Directorate vide Memo No. 9-14/2016-SPG dated 09-12-2016 has appointed 105 Inspector Line Officers on regular basis in PS Gr. B cadre, but few circles have yet not implemented orders. Further few circles have not submitted the report on joining as well declination by the promote officers to SPG section of Directorate. Till date only 5 declinations are said to be received from officers. Directorate is going to remind all HoCs soon to submit clear report on joining / declination of officers and thereafter supplementary DPC will be convened.

3.   Issue of revised Recruitment Rules for the post of Assistant Manager in MMS and filling up of vacant post of Dy. Manager MMS.

RRs are said to finalised. Two posts of Dy. Manager MMS are vacant and it will be filed up soon.

4.   Inter Circle Rule 38 transfer cases of Inspector Posts cadre.

Most of the cases settled. Due to non availability of vacancies in few circles, the requests of the candidates are pending and these will be considered when vacancy occurs.  The individual candidate/s may take up issue through proper channel to Directorate. Their cases will be considered on availability of vacancies in the circle.

5.   Holding of periodical meeting with Hon’ble Secretary (Posts).

Agenda already submitted by Association. Reports from DDG (P) and Sr. DDG (Vig) awaited. Asked to write reminder.

6.   Clerical Assistance to Sub Divisional Head.

SPG Division has called for report from Establishment Division. The matter is under examination at Establishment Division.

7.   Declaration of result of Inspector Posts examination for the vacancy year 2015-16.

LDCE for promotion to the cadre of Inspector Posts (66.66%) departmental quota for the year 2015-16 was held on 22 and 23-10-2016 for 189 vacancies (OC-155, SC-26 and ST-8). The provisional key of the question papers was already published by the Department on India Post website and representation thereon if any was called for from candidates till 6-1-2017. Huge quantity of representations are said to be received from candidates. Department have already formed committee to examine all the representations received from candidates. The report from committee is yet to receive at Directorate. FINAL KEY will be expected thereafter. To clear all these exercise, minimum one month’s time is required.

8.   Declaration of result of PS Gr. ‘B’ examination for the vacancy year 2012-13 to 2015-16.

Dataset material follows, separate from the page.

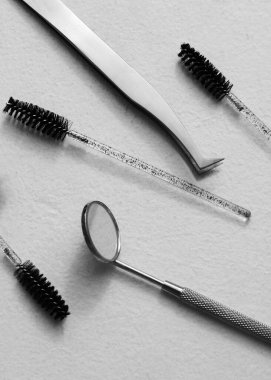 Kirpik fırçalı kirpik üreticisi araç takımı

Many representations are received thereon and all these are under examination. To examine the representations received from candidates, department is going to form a committee who will examine the representations and give final report to Department. Thereafter FINAL KEY will be published on department’s website. It is told that there are many CAT cases registered at various benches and they stayed declaration of results till outcome. In one case stay is said to be granted till April 2017.

9.   DPC for holding of JTS Gr. A promotion for the year 2016-17 and repatriation thereof.

UPSC has raised query and same is being replied soon by the department. Earlier it was told that there were 11 vacancies but now there is chance to increase. The officers who have completed two years of service will only get repatriation to his/her parent circle. Spouse category cases are also said to be considered this time.

Many other pending cases related to cadre are discussed with the concerned officers. The case of cadre restructuring is also discussed at length and the officers have shown positive to our proposed proposal. The proposal is being submitted soon.